PROVIDED MATERIAL:
****

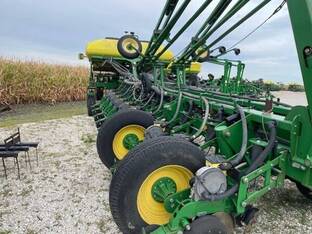 2012 John Deere 1770NT CCS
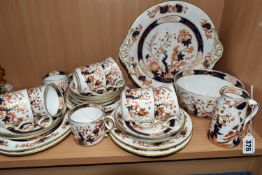 A LATE NINETEENTH CENTURY ROYAL CHINA WORKS WORCESTER (GRAINGER AND CO) TEA SET, with Imari style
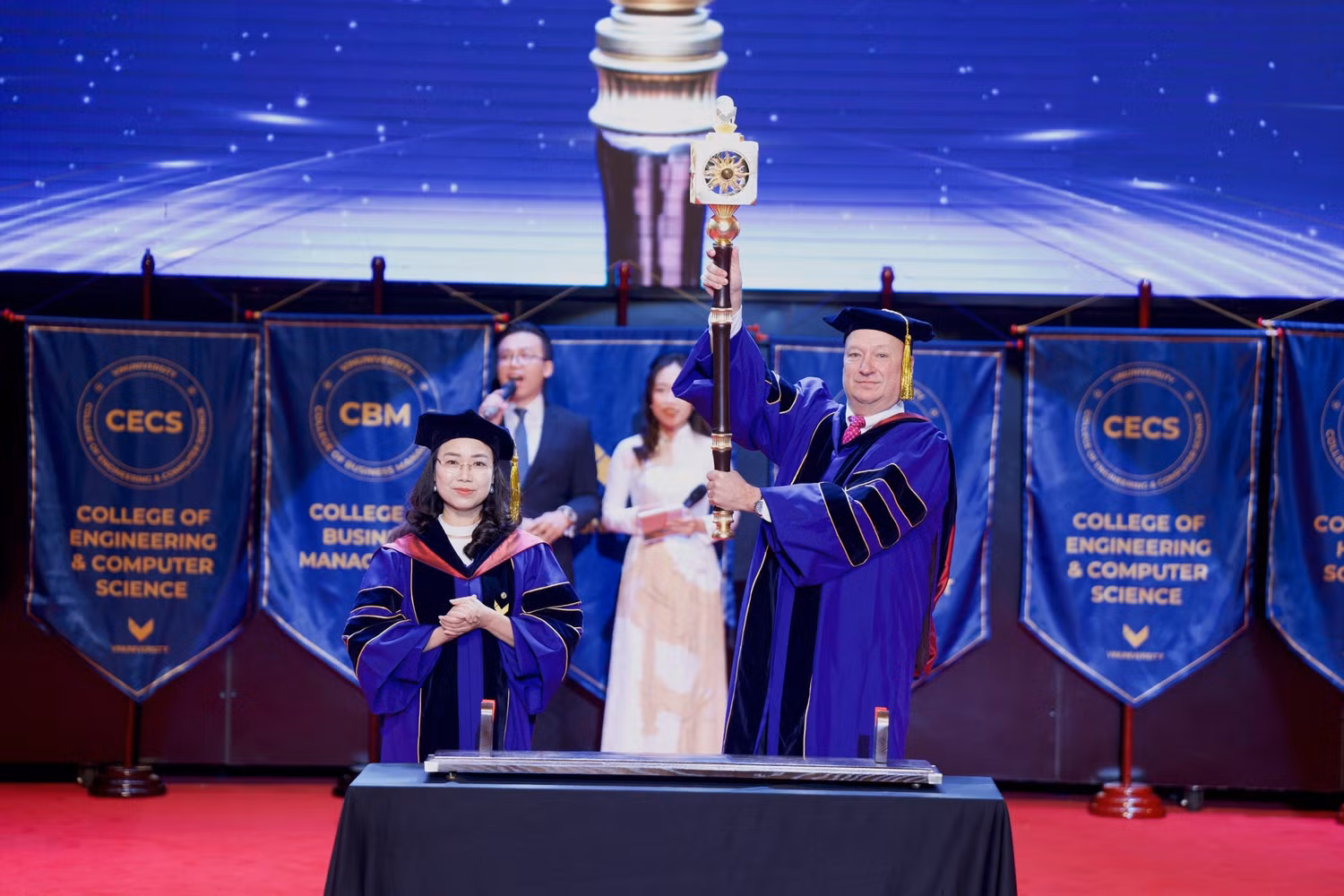 Lễ rước quyền trượng với sự dẫn dắt của Chủ tịch Hội đồng trường Lê Mai Lan và Hiệu trưởng David Bangsberg.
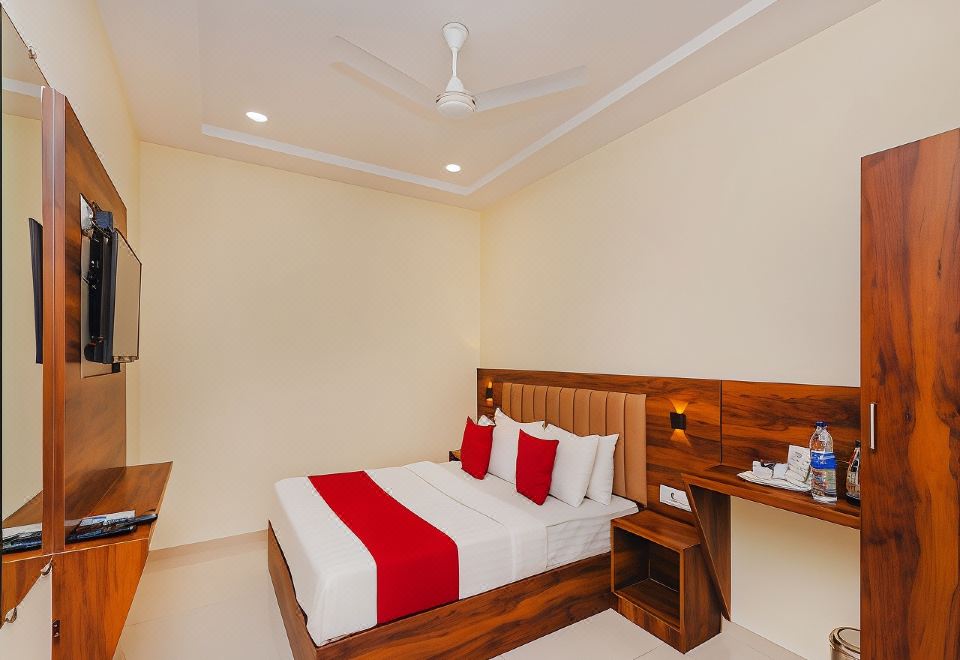 FabExpress Golden Sands Inn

****

EXERCISE AIM:
Return the material as it stands. Leave out the pictures.

WRITTEN REPLY:
 2012 John Deere 1770NT CCS
 A LATE NINETEENTH CENTURY ROYAL CHINA WORKS WORCESTER (GRAINGER AND CO) TEA SET, with Imari style
 Lễ rước quyền trượng với sự dẫn dắt của Chủ tịch Hội đồng trường Lê Mai Lan và Hiệu trưởng David Bangsberg.
 FabExpress Golden Sands Inn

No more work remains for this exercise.